Radius Engineering supplies NIAR with thermoplastic consolidation workcell 

Radius Engineering (Salt Lake City, Utah, U.S.) has been selected by the National Institute for Aviation Research (NIAR) at Wichita State University (Wichita, Kan., U.S.) to supply a thermoplastic consolidation workcell to its Advanced Technologies Lab for Aerospace Systems (ATLAS) facility.

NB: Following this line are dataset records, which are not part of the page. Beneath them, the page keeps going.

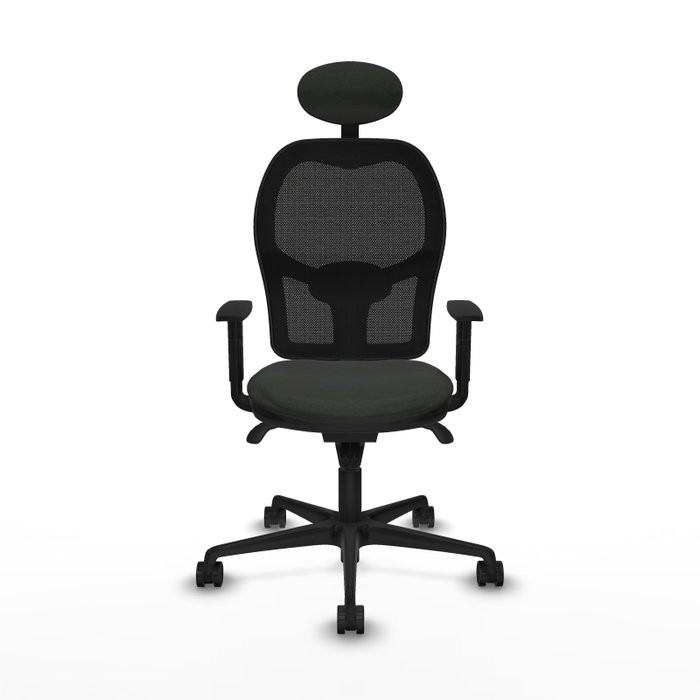 Piqueras y Crespo Chaise de Bureau Jorquera Noir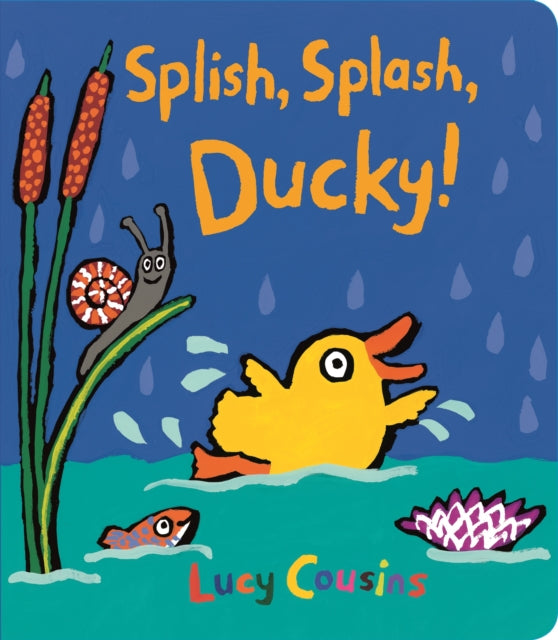 Splish, Splash, Ducky! 9781406380903 Lucy Cousins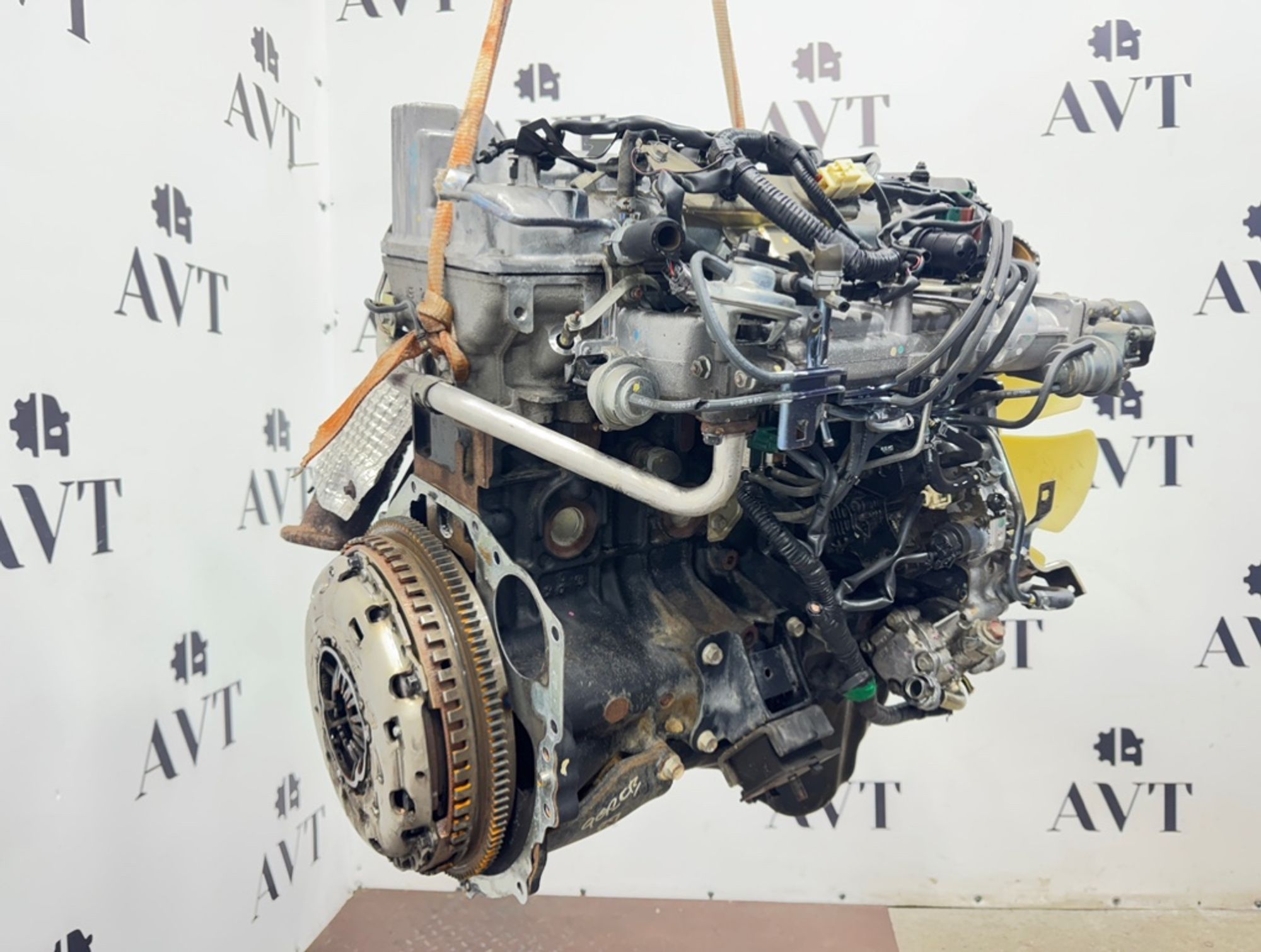 Двигатель Mazda B-series WL WL-T WL WL-T, 170000 рублей, Москва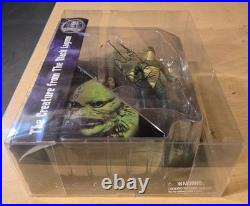 The Creature From The Black Lagoon Figure Diamond Select Signed Adams + Browning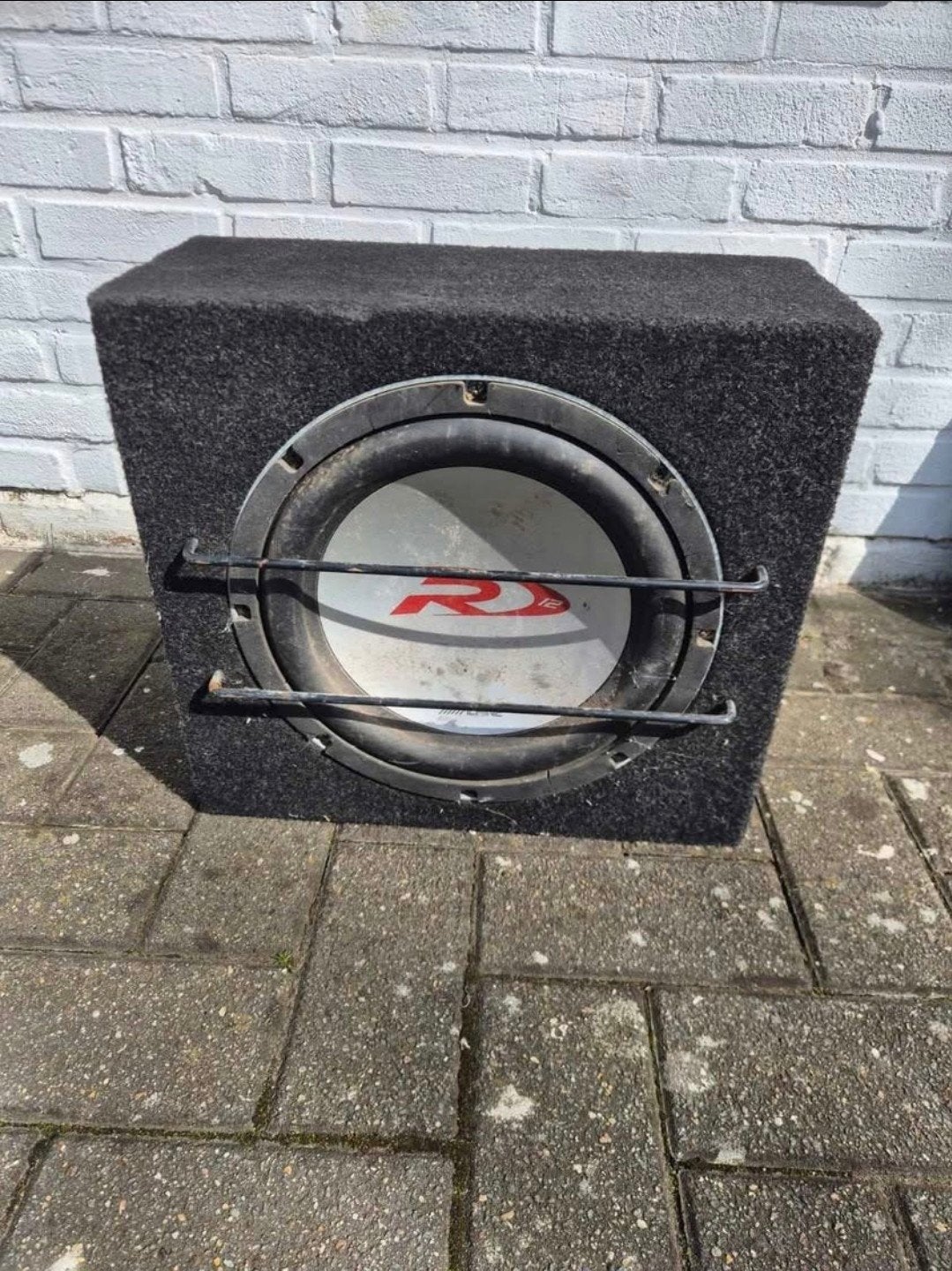 Subwoofer Alpine Type R12, Auto diversen, Autospeakers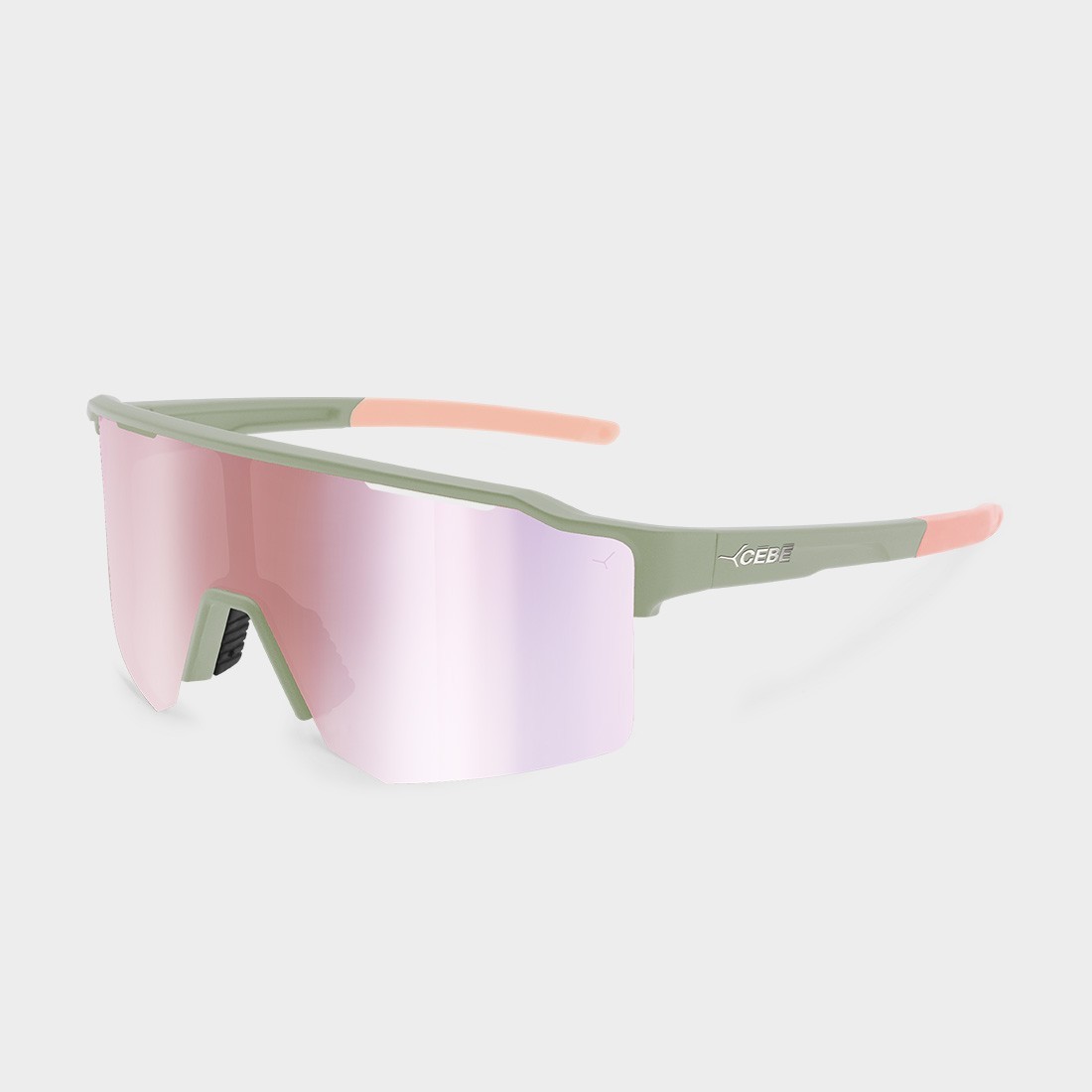Occhiali da sole sportivi Cébé OUTFLOW LITE Categoria 3, leggeri e semi-rimless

The Radius thermoplastic consolidation workcell installation will provide ATLAS researchers and engineering students with precisely consolidated laminates. These laminates will be used to develop processing strategies for next-generation thermoplastic aerospace structures for NIAR and its industry partners. ATLAS, a multi-disciplinary manufacturing environment and engineering education program, aims to provide a neutral ground for advanced manufacturing research and development (R&D) with state-of-the-art machines, software and processing options.

The Radius Engineering workcell provides up to 350 tons of clamping force with the company’s distributed pressure system (DPS). According to Radius, the workcell DPS will provide evenly distributed consolidation pressure for optimal laminate quality over an area of 4 × 4 feet (1.2 × 1.2 meter). The DPS delivers precise laminate consolidation pressures from 50-300 psi (3.5-21 bar) within a tolerance of ±5 psi (±0.3 bar) throughout the full operating range, on variable laminate sizes. The workcell includes an integrated temperature control system with programmable heating and cooling rates to a maximum operating temperature of 800°F (426°C). Radius’ proprietary Insights Software provides intuitive programming controls along with data collection and analysis tools that are Industry 4.0 compatible.

Radius, an AS9100D-certified equipment and service supplier, delivers net-shape composites manufacturing capability by providing tooling, equipment and know-how. It leverages its knowledge as a composites processing expert, backed by 35 years of experience, to develop customizable machines and turnkey workcells that provide high levels of performance for the processing of aerospace-quality composites.